## Requirement
Transcribe word for word the section of the records below that opens with the line containing "Sweet Rain Contemporary" and closes with the line containing "Ride a horse"; drop every picture.

## Data for processing
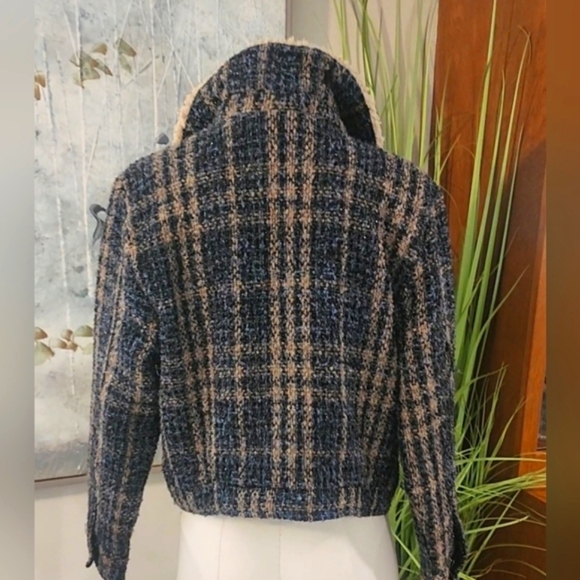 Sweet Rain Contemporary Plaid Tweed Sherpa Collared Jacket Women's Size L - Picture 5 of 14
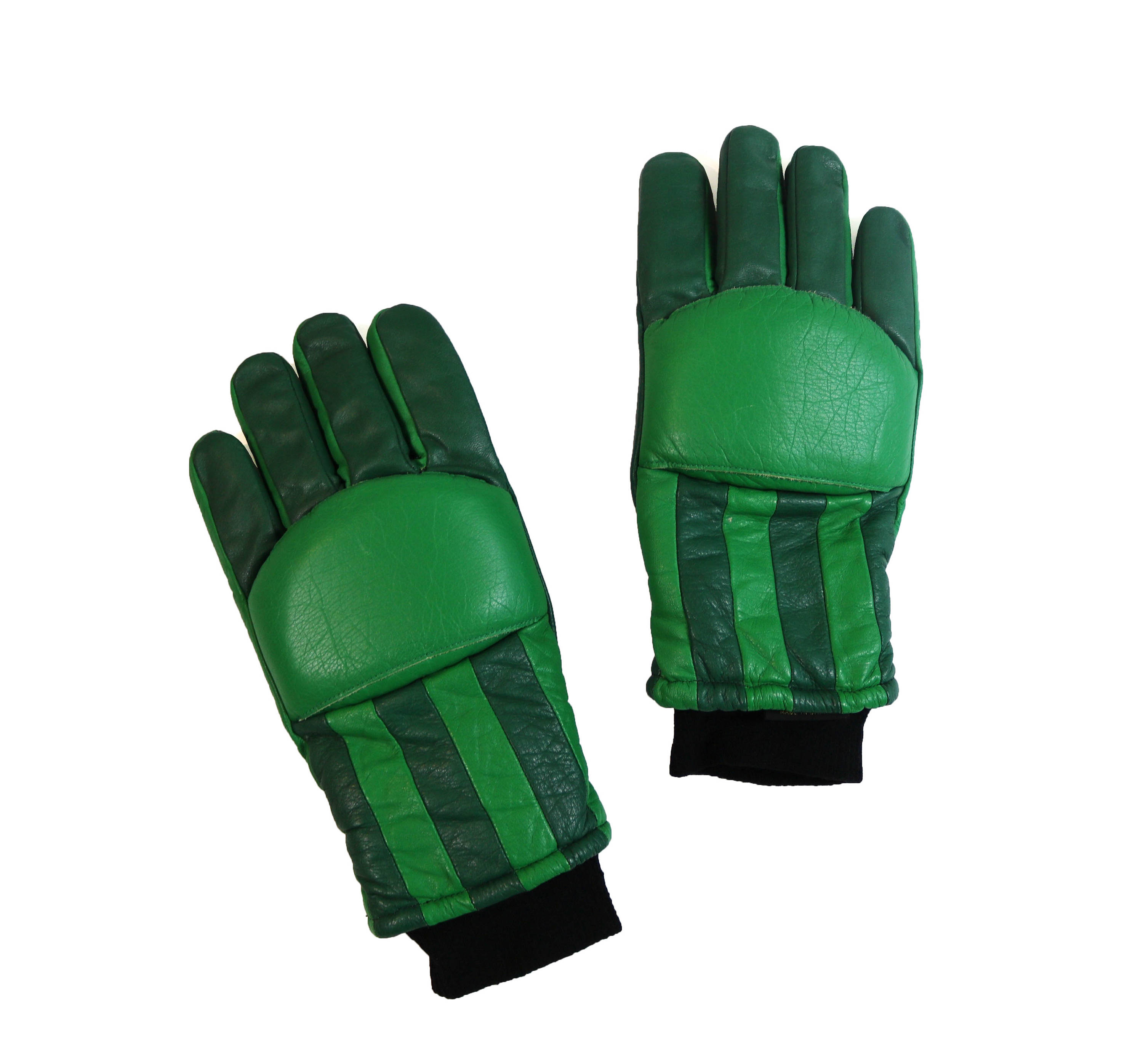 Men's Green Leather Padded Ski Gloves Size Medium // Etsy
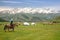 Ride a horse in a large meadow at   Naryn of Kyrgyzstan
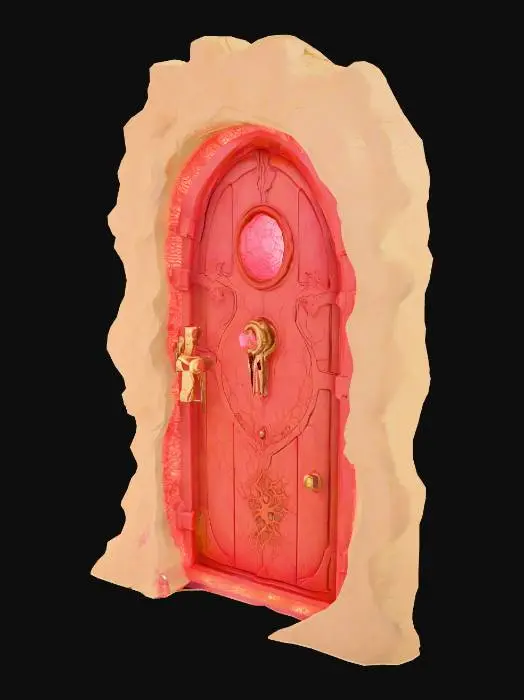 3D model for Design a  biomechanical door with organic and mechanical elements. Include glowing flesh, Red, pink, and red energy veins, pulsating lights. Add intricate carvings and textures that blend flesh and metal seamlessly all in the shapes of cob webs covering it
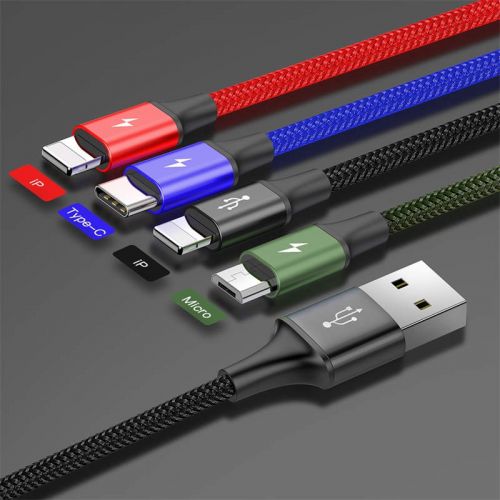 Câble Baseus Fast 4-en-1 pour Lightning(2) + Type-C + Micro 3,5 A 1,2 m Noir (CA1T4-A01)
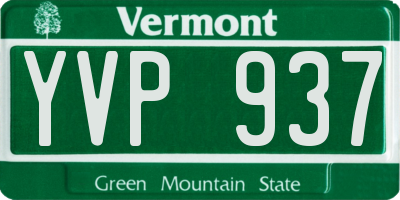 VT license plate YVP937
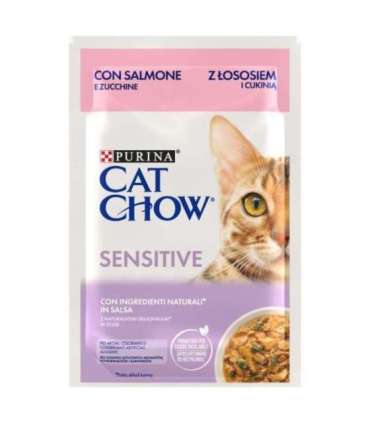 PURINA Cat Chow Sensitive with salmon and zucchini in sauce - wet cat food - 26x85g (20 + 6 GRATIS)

--

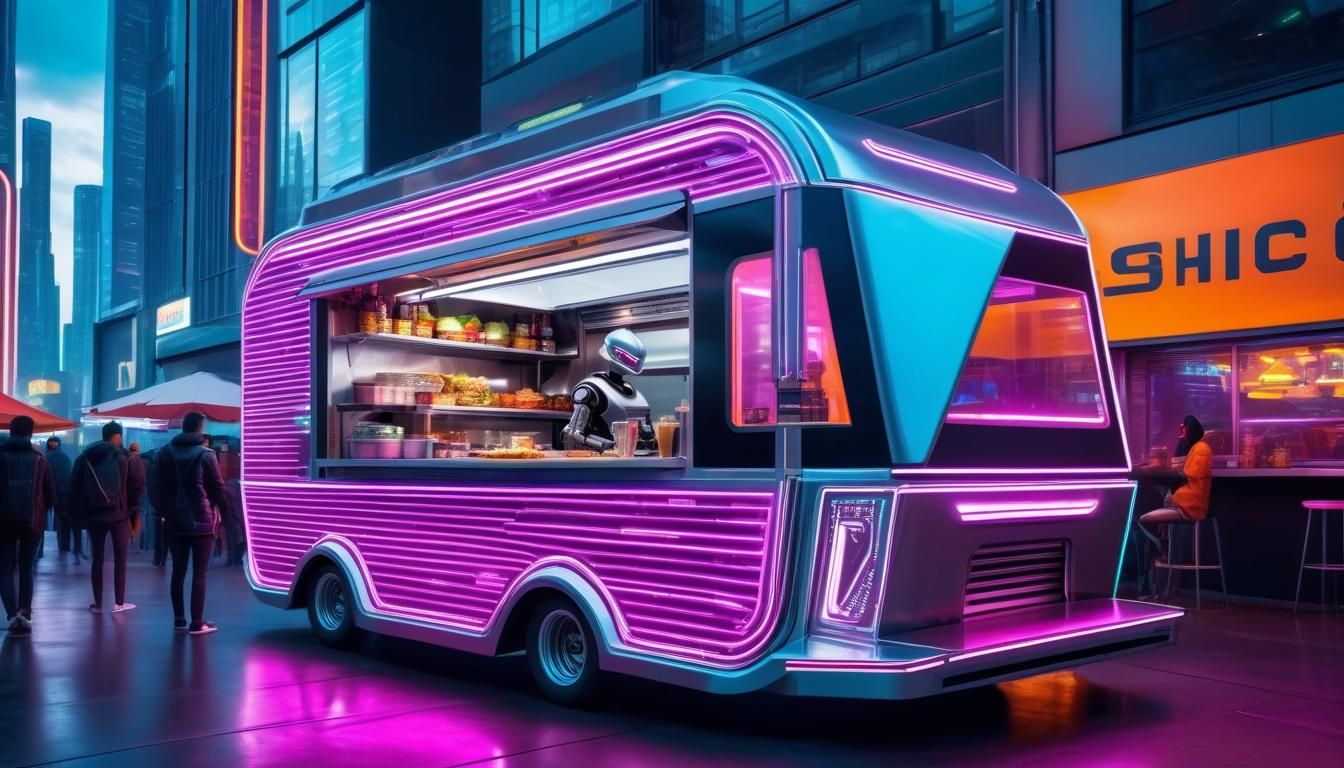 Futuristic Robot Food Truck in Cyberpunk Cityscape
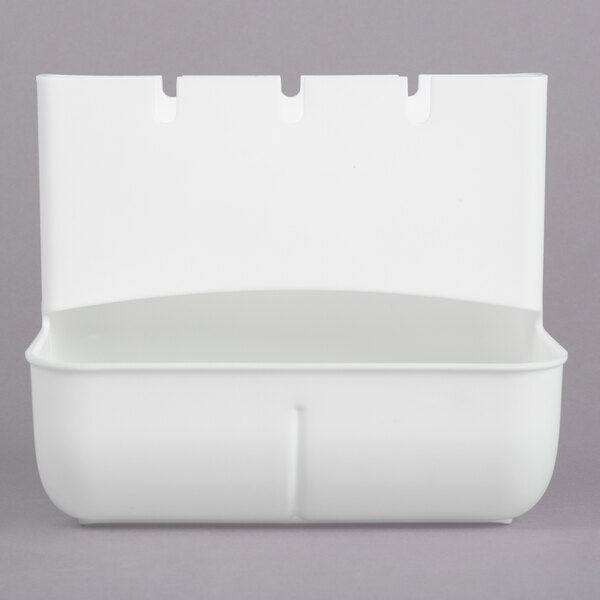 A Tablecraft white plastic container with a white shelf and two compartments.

## Response to the exercise
 Sweet Rain Contemporary Plaid Tweed Sherpa Collared Jacket Women's Size L - Picture 5 of 14
 Men's Green Leather Padded Ski Gloves Size Medium // Etsy
 Ride a horse in a large meadow at   Naryn of Kyrgyzstan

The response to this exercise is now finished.